コロナ予算77兆円に見識はあったのか

画像: Marco Verch Professional Photographer

2022.03.23

経営・マネジメント

コロナ予算77兆円に見識はあったのか

日沖 博道
パスファインダーズ株式会社 代表取締役 社長

空前絶後とされた2020年度の補正予算には根本的な謎がある。新型コロナ対策のために「実質的な支出」を倍増させたはずの補正予算がもたらしたものはGDPの大幅な落ち込みだった。なぜこんな結果になってしまったのか。実は必然だったという側面があるのだ。

実は政治家の一部には、この種の「繰越金になるであろうことが目に見えている」予算の膨らませ方については、予算規模を大きく見せて国民を安心させるために効果的であり、しかも実際に使われないのだから国家財政が痛まないので「見せ金」的な予算手法だと割り切っている節がある。
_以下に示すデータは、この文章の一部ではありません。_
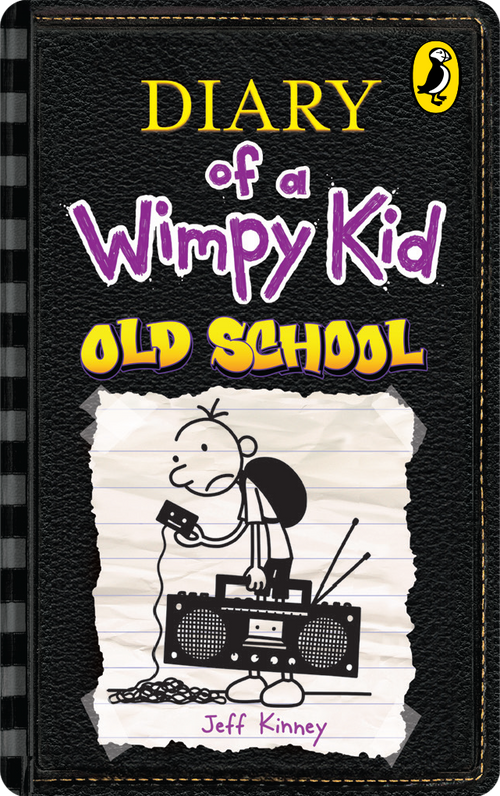 The Wimpy Kid Collection 4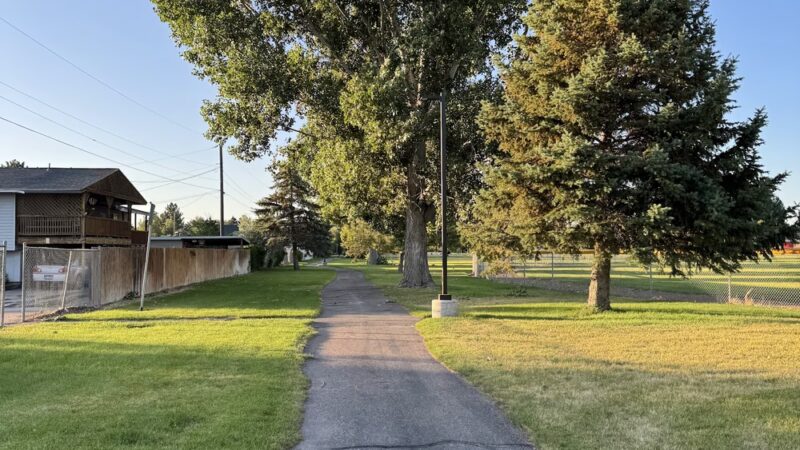 Cotant Park - Chubbuck, ID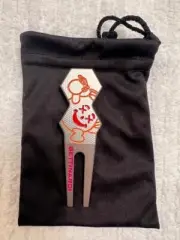 NEW Rare BETTINARDI Tour Hive Koolaid (retired character) DIVOT TOOL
しかしそうしたやり方は、国家の財政管理と予算計上プロセスに対する信頼性を著しく損なう邪道だと指摘したい。

もう一つの繰越金の発生要因は、(予算自体は必要な政策のためではあるが)実際の執行が遅れてしまい年度内に使い切れなかった、というものだ。この年度の3回目の補正予算が成立したのが2021年の年明け1月末だったので、年度内に使い切ることがそもそも難しかったという側面もある(これもはじめから「見せ金」的な予算手法だったことを示唆するものだ)。

繰越金の内訳を分析した資料によると、コロナ過で打撃を受けた企業向けの「実質無利子・無担保融資制度」の6.4兆円を筆頭に、休業要請に応じた飲食店などへの協力金に充てる「地方向け臨時交付金」が3.3兆円、観光支援策「GO TOトラベル」も予算の約半分の1.3兆円、公共事業費も4.6兆円と、巨額の使い残しが目立った。

そのうち感染拡大を避けるために年末に停止したままの「GO TOトラベル」や、コロナ対策とほとんど関係がなさそうな「公共事業費」(こちらは人手不足のせいだろう)は置いといて、「実質無利子・無担保融資制度」や「地方向け臨時交付金」はまさに新型コロナ対策の中核経済政策でもあり、絶対的に必要とされたものだったはずだ。なぜスムーズに執行されなかったのか。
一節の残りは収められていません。